Related
I have a 3D matrix (dimension nx,nz,ny) which corresponds to a physical domain. This matrix contains a continuous field from -1 (phase 1) to +1 (phase 2); the interface between the two phases is the level 0 of this field.
Now, I want to calculate efficiently the signed distance function from the interface for every point in the domain.

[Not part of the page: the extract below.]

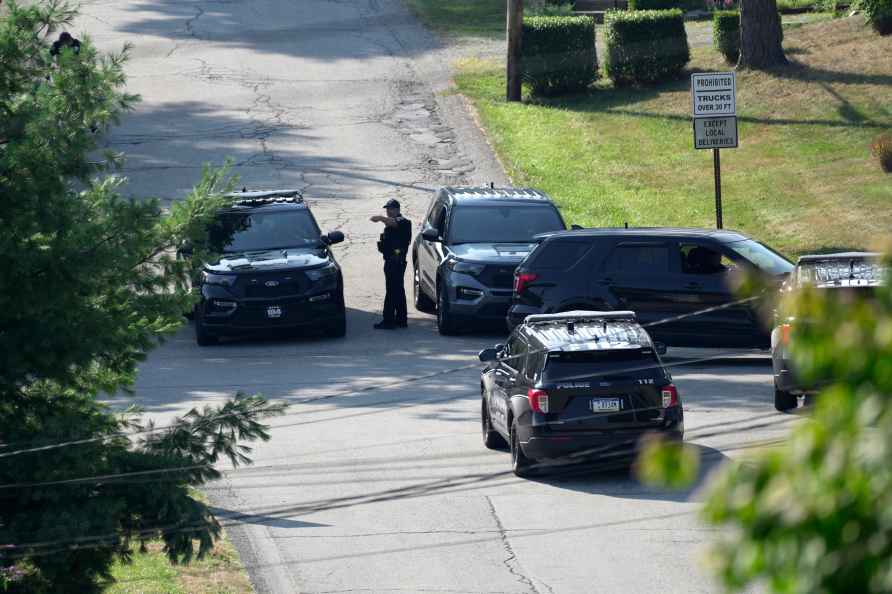 Law enforcement block a street in Bethel Park, Pa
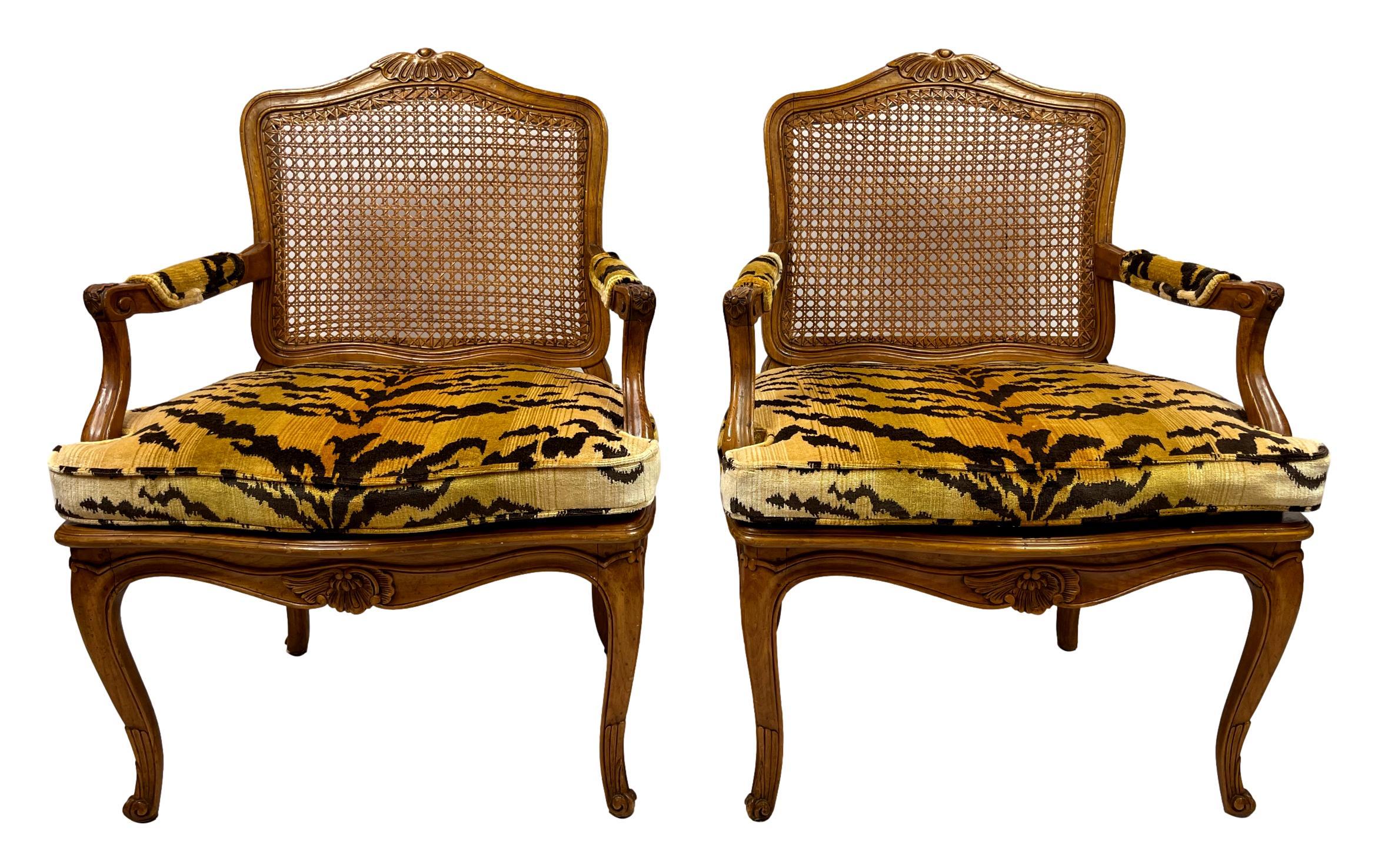 Pair of Louis XV-style carved fruitwood and caned fauteuils, French, ca. 1920, newly upholstered in the best silk tiger velvet, hand-loomed in Italy, with new custom-made cushions, perfectly flow-matched on both sides, with a hidden zipper in the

I tried two possibilities (sgn is the sign of my field, with values +1,0,-1, xyz contains the grid as triplets of x,y,z at each point and dist is the signed distance function I want to calculate).
double precision, dimension(nx,nz,ny) :: dist,sgn,eudist
integer :: i,j,k
double precision :: seed,posit,tmp(nx)
do j=1,ny
do k=1,nz
do i=1,nx
seed=sgn(i,k,j)
! look for interface
eudist=(xyz(:,:,:,1)-x(i))**2+(xyz(:,:,:,2)-z(k))**2+(xyz(:,:,:,3)-y(j))**2
! find min within mask
posit=minval(eudist,seed*sgn.le.0)
! tmp fits in cache, small speed-up
tmp(i)=-seed*dsqrt(posit)
enddo
dist(:,k,j)=tmp
enddo
enddo
I also tried a second version, which is quite similar to the above one but it calculates the Euclidean distance only in a subset of the whole matrix. With this second version there is some speed up, but it is still too slow. I would like to know whether there is a more efficient way to calculate the distance function.
Second version:
double precision, dimension(nx,nz,ny) :: dist,sgn
double precision, allocatable, dimension(:,:,:) :: eudist
integer :: i,j,k , ii,jj,kk
integer :: il,iu,jl,ju,kl,ku
double precision :: seed, deltax,deltay,deltaz,tmp(nx)
deltax=max(int(nx/4),1)
deltay=max(int(ny/4),1)
deltaz=max(int(nz/2),1)
allocate(eudist(2*deltax+1,2*deltaz+1,2*deltay+1))
do j=1,ny
do k=1,nz
do i=1,nx
! look for closest point in box 2*deltax+1,2*deltaz+1,2*deltay+1
il=max(1,i-deltax)
iu=min(nx,i+deltax)
jl=max(1,j-deltay)
ju=min(ny,j+deltay)
kl=max(1,k-deltaz)
ku=min(nz,k+deltaz)
eudist(:,1:ku-kl+1,:)=(xyz(il:iu,kl:ku,jl:ju,1)-x(i))**2 &
& +(xyz(il:iu,kl:ku,jl:ju,2)-z(k))**2 &
& +(xyz(il:iu,kl:ku,jl:ju,3)-y(j))**2
seed=sgn(i,k,j)
tmp(i)=minval(eudist(:,1:ku-kl+1,:),seed*sgn(il:iu,kl:ku,jl:ju).le.0)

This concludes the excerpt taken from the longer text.